Today, he says, his fighting is reduced to instances of personal attacks. “I can’t be that way,” says as he shakes his head, “The one thing different about here is I’ve got a lot more to lose.”

***

It takes nine e-mails, 11 text messages and over a week to get Ye, Lucas and Marks in the same room at the same time.

The three get on the subject of service, to which all are deeply committed. “It really makes sense to us,” says Ye, who does long-distance mentoring and is working at a camp for at-risk teens this summer.

Lucas, who, oddly enough, was looking into that same organization, also mentors and has long-term plans for teaching, enrolling in law school and going back to Detroit to start his own non-profit agency. “Nobody’s getting out,” he says of his neighborhood — and he’s ready to change that. “If I’m not helping anybody through my struggles,” he says, “then I’m just being selfish.”

Michael*, one of Lucas’ closest friends on campus and the only one who knows about his past, says Lucas is nothing short of driven.

“He definitely deals with adversity by trying to make things better for other people in his situation,” Michael says.

But Michael sees that the past is still salient for Lucas: It’s “a past that he’s not moving on from because it’s still happening.” But, Michael says, you won’t see it change Lucas’ outward demeanor. “[Most people] don’t see the Lucas that goes home,” Michael says, “and doesn’t have a home to go back to” — or the Lucas who struggles to balance life as a full-time student and athlete while working 25 hours a week to help pay his brother’s tuition. “I have [him] as an inspiration,” Michael says.

Right now, Marks is focused on getting himself into law school and economically settled so he can offer more of the internship and funding opportunities to underprivileged youth, for which he himself has been incredibly grateful.

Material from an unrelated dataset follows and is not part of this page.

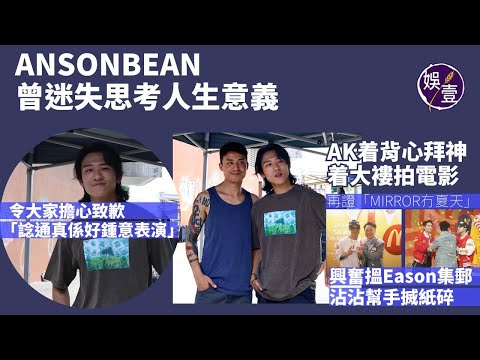 AK同姜濤心照：怕畀壓力佢丨Anson Kong孖陳奕迅單獨合照勁興奮丨ANSONBEAN曾迷失思考人生意義 令大家擔心致歉：「諗通真係好鍾意表演」 為角色斷食 勁減20磅丨足本訪問（#娛壹 )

And for the time being, Lucas, Marks and Ye all seem to be in good places.

***

During his junior year of high school, Marks’ parents bought a house and brought him and his sister back to live with them. The transition was rough, he says. “I stayed out a lot, because I had gotten used to a lot of independence.” He remained angry with them for sending him away when, in his eyes, they could still take care of him. He later learned that his mother had suffered a nervous breakdown and that his parents needed time to sort things out. Marks has been back with his nuclear family for three years now.

“They’re great. I love them. They love me,” he laughs, “I hope.”

Lucas’ family is back together and his parents are doing well, but he’s not ready to forgive them just yet. “Until I can get over all of this myself,” he says, “I don’t owe them anything.”

Despite the challenges, Ye says his nomadic life style “doesn’t suck. It’s actually, like, really nice.” He enjoys the freedom of travelling and says his decision not to live with his parents has more to do with personal preferences than anything else.

Ye’s father has personal preferences. too, but, he says, “I don’t love him any less. I’d be the first to protect [him] in any way I could.” And although his father now welcomes Ye into his home, Ye says his father’s actions are “too little, too late, and I am not having it.”

And the situation with his mother “has evolved from a probably-shouldn’t-because-it’s-risky to an absolutely-cannot.”

“He does [his] best. He keeps himself surrounded by dear people,” Ye’s mother says.

“The alternative is not so bad,” she adds. “He has responded pretty well.”

And Ye has been lucky, “There hasn’t been a time in my life where I haven’t had a place that’s comfortable and safe to go,” he says. “I’ve just had to do a little bit of shuffling around to find [it].”

And as far as comfortable living goes, Yale is treating all of us pretty nicely.

Lucas looks up at the ceiling, “I mean,” he says, “there’s a f–king chandelier here.”

*Name has been changed to protect this person’s identity.